▸ WHAT IS EXPECTED: Here the job is to copy the data exactly and to exclude every image from it.

-- DATA FOR THIS EXERCISE follows --

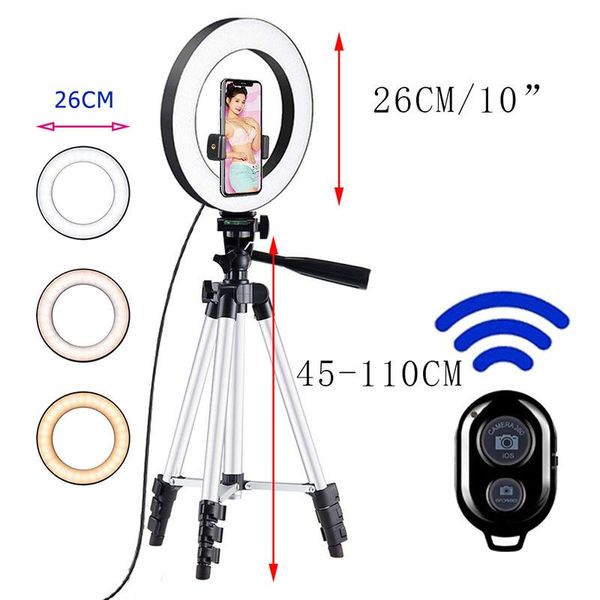 flash heads 26cm po ringlight led selfie ring light phone bluetooth remote lamp support tripod stand for live video streaming
flash heads 26cm po ringlight led selfie ring light phone bluetooth remote lamp support tripod stand for live video streaming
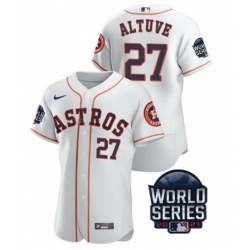 Men Houston Astros 27 Jose Altuve 2021 White World Series Flex Base Stitched Baseball Jersey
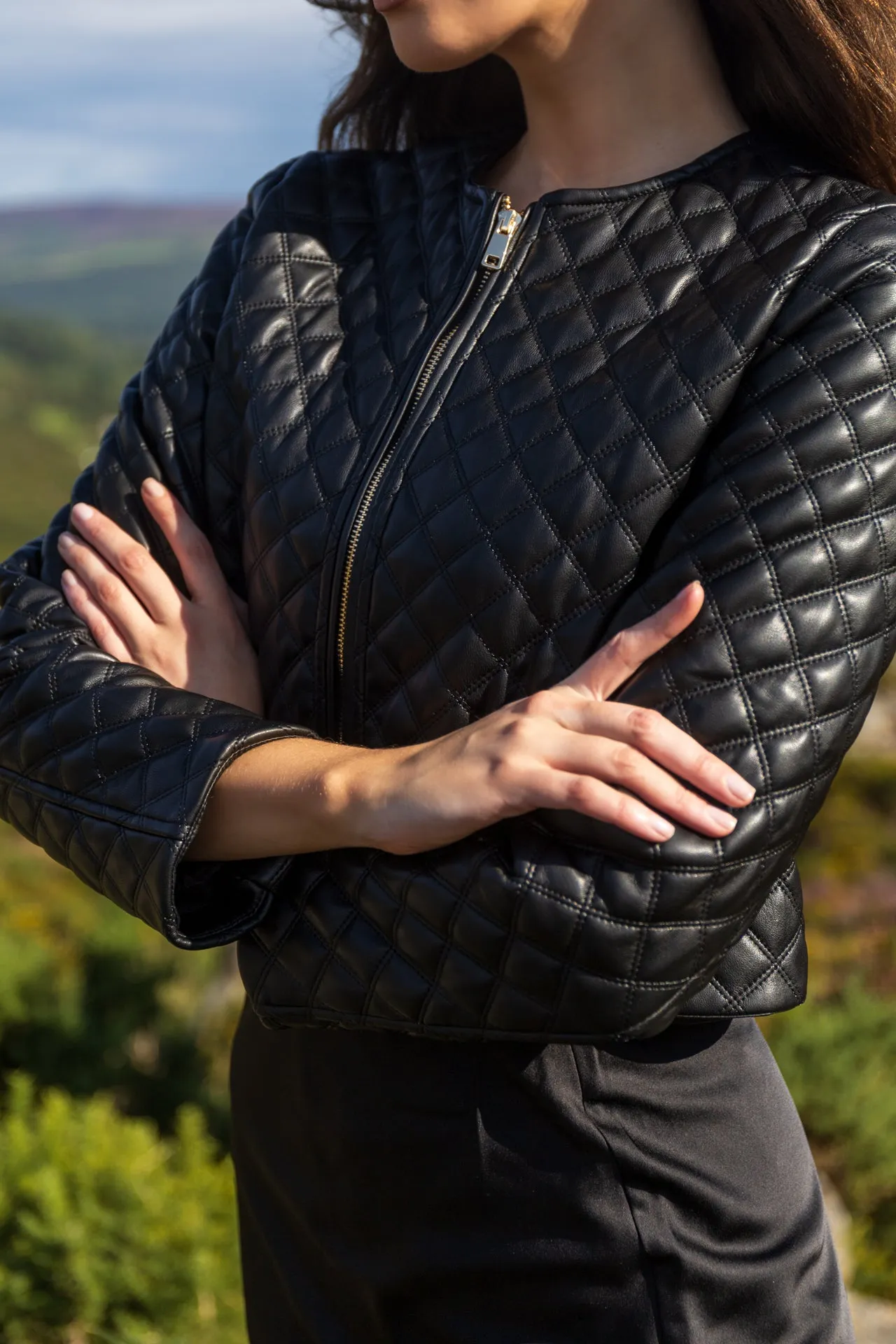 Easy Movement Cut Zariah Faux Leather Quilted Jacket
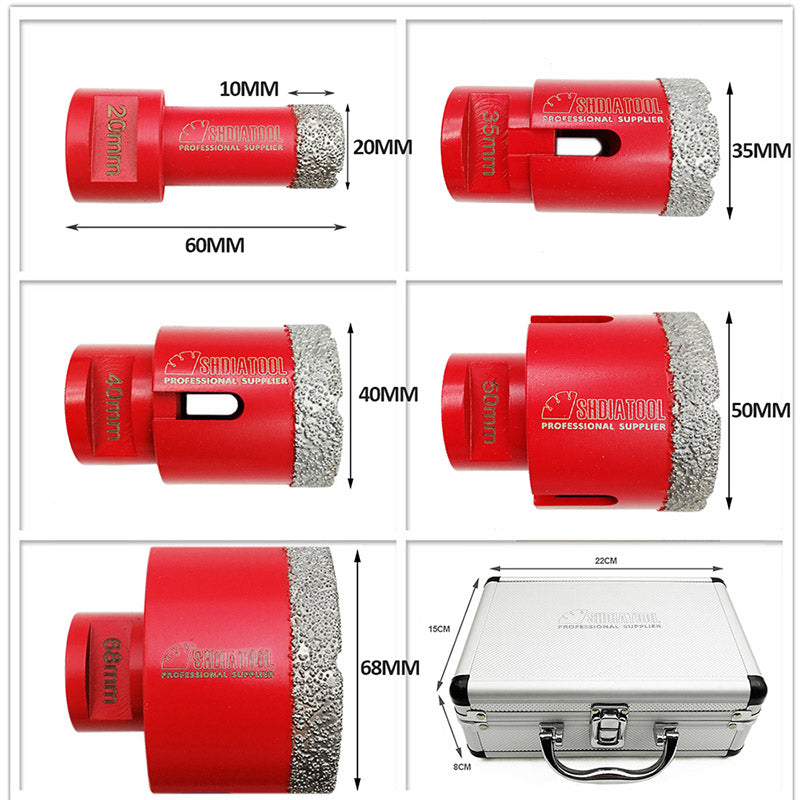 Diamond Drill Core Bits Kit and an Adapter for Tile Porcelain Granite Spain Warehouse - SHDIATOOL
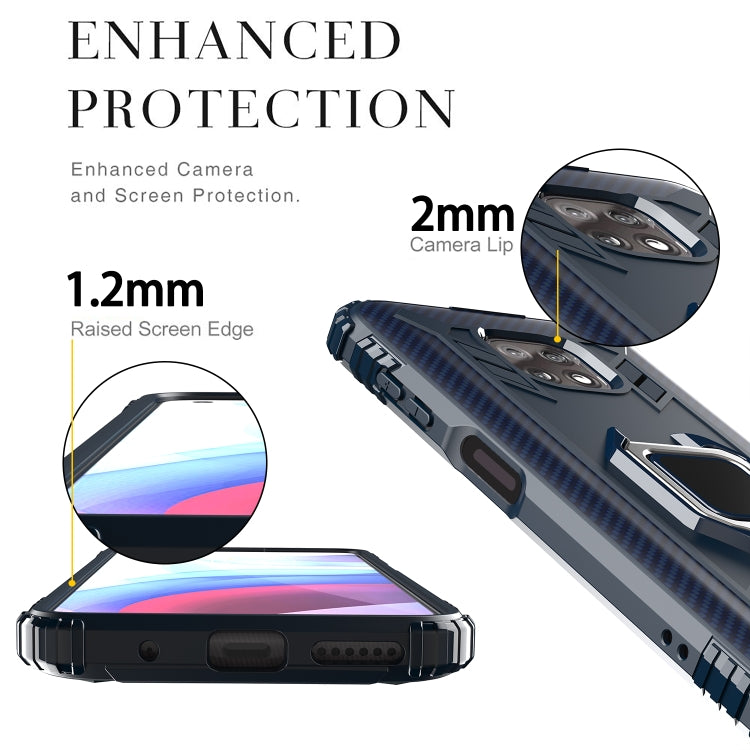 For Motorola Moto G Power 5G 2021 Carbon Fiber Protective Case with 360 Degree Rotating Ring Holder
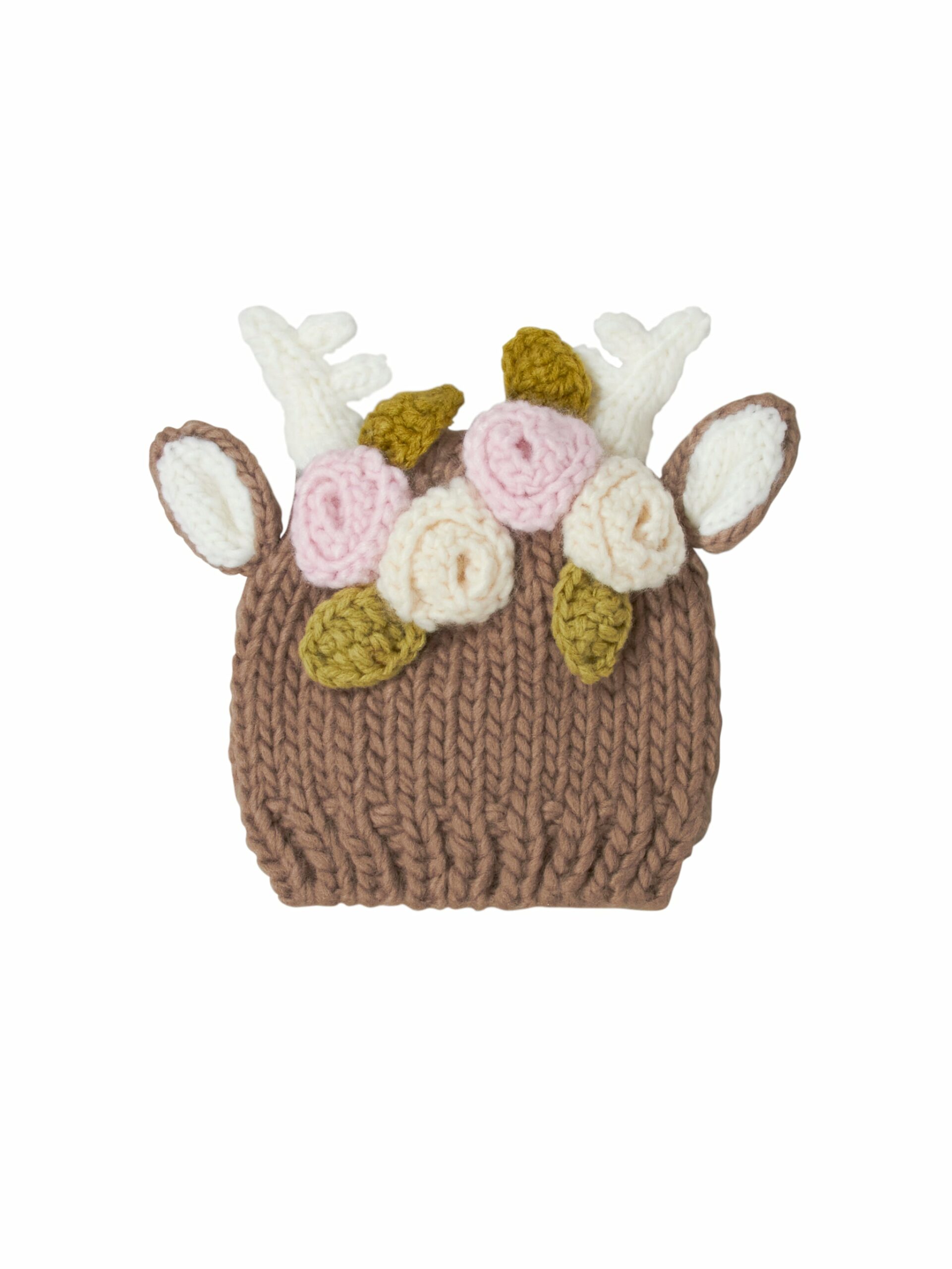 Deer Hand Knit Flower Hat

-- DATA FOR THIS EXERCISE concluded --

▸ COMPLETED TASK:
 flash heads 26cm po ringlight led selfie ring light phone bluetooth remote lamp support tripod stand for live video streaming
flash heads 26cm po ringlight led selfie ring light phone bluetooth remote lamp support tripod stand for live video streaming
 Men Houston Astros 27 Jose Altuve 2021 White World Series Flex Base Stitched Baseball Jersey
 Easy Movement Cut Zariah Faux Leather Quilted Jacket
 Diamond Drill Core Bits Kit and an Adapter for Tile Porcelain Granite Spain Warehouse - SHDIATOOL
 For Motorola Moto G Power 5G 2021 Carbon Fiber Protective Case with 360 Degree Rotating Ring Holder
 Deer Hand Knit Flower Hat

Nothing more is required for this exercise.